| WORKING DATA |
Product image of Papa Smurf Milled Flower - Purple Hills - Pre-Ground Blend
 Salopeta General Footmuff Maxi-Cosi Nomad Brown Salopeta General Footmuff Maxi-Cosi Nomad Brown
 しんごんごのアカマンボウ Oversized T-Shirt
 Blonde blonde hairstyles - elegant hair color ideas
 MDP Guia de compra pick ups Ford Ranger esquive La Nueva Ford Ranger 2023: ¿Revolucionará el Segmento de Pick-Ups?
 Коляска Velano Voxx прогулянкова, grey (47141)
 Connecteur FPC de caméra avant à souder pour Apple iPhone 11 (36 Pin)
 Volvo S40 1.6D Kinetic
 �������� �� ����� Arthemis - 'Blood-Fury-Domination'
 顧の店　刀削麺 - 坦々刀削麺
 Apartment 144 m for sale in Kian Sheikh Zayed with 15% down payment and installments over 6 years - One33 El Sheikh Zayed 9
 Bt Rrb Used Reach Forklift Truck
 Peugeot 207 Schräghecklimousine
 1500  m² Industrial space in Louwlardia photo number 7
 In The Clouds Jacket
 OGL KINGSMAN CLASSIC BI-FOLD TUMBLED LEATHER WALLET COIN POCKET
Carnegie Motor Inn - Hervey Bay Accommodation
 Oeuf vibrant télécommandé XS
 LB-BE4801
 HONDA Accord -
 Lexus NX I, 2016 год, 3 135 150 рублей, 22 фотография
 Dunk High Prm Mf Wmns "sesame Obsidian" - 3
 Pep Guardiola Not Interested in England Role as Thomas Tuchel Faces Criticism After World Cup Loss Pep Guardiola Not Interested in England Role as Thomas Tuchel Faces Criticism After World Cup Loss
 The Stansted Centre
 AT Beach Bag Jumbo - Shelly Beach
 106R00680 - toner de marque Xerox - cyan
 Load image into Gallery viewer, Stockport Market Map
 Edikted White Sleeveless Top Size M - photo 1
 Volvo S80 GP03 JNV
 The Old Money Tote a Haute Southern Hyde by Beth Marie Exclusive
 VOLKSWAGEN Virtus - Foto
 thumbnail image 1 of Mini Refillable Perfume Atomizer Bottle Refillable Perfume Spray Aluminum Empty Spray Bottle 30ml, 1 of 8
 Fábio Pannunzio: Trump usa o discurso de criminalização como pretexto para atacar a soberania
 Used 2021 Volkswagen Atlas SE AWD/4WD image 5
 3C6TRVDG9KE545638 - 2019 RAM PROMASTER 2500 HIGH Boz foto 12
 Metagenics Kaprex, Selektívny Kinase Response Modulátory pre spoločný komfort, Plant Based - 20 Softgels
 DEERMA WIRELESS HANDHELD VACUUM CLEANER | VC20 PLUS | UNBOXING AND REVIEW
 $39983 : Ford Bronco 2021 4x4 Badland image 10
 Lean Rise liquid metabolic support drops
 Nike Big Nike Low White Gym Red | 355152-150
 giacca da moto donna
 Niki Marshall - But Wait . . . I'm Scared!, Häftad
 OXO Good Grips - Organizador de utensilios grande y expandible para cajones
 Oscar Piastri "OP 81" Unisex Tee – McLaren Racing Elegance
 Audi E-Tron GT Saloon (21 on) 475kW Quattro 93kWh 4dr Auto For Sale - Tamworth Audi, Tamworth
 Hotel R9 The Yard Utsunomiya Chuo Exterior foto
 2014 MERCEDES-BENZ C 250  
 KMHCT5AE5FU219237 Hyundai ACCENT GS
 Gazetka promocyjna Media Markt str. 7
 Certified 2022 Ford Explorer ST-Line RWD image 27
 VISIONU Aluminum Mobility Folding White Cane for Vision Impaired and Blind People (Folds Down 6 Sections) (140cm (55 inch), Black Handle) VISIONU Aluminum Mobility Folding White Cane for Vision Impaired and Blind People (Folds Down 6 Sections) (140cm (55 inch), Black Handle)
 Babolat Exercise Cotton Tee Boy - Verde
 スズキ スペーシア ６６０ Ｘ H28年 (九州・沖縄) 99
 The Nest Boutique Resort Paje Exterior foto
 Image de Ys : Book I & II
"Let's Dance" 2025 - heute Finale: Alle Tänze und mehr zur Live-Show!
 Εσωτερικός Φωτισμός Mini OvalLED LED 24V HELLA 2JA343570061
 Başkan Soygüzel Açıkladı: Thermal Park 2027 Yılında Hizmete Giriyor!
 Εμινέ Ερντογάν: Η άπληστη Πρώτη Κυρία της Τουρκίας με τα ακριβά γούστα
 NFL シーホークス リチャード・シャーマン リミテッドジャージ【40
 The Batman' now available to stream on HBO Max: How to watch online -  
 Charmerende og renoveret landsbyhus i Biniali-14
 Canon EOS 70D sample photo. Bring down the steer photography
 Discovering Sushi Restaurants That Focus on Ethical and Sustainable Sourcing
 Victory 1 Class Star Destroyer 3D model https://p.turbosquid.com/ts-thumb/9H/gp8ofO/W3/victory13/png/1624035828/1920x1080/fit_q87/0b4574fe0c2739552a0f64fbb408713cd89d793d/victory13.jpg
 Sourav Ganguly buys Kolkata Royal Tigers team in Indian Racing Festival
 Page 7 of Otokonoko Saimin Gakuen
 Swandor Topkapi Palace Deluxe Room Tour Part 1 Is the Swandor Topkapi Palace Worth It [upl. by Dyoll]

| INSTRUCTIONS TO FOLLOW |
Reproduce, word for word and in full, only the lines above that start at the line with "2014 MERCEDES-BENZ C 250" and run through the line with "The Batman' now", both ends included.

| TASK RESULT |
 2014 MERCEDES-BENZ C 250  
 KMHCT5AE5FU219237 Hyundai ACCENT GS
 Gazetka promocyjna Media Markt str. 7
 Certified 2022 Ford Explorer ST-Line RWD image 27
 VISIONU Aluminum Mobility Folding White Cane for Vision Impaired and Blind People (Folds Down 6 Sections) (140cm (55 inch), Black Handle) VISIONU Aluminum Mobility Folding White Cane for Vision Impaired and Blind People (Folds Down 6 Sections) (140cm (55 inch), Black Handle)
 Babolat Exercise Cotton Tee Boy - Verde
 スズキ スペーシア ６６０ Ｘ H28年 (九州・沖縄) 99
 The Nest Boutique Resort Paje Exterior foto
 Image de Ys : Book I & II
"Let's Dance" 2025 - heute Finale: Alle Tänze und mehr zur Live-Show!
 Εσωτερικός Φωτισμός Mini OvalLED LED 24V HELLA 2JA343570061
 Başkan Soygüzel Açıkladı: Thermal Park 2027 Yılında Hizmete Giriyor!
 Εμινέ Ερντογάν: Η άπληστη Πρώτη Κυρία της Τουρκίας με τα ακριβά γούστα
 NFL シーホークス リチャード・シャーマン リミテッドジャージ【40
 The Batman' now available to stream on HBO Max: How to watch online -  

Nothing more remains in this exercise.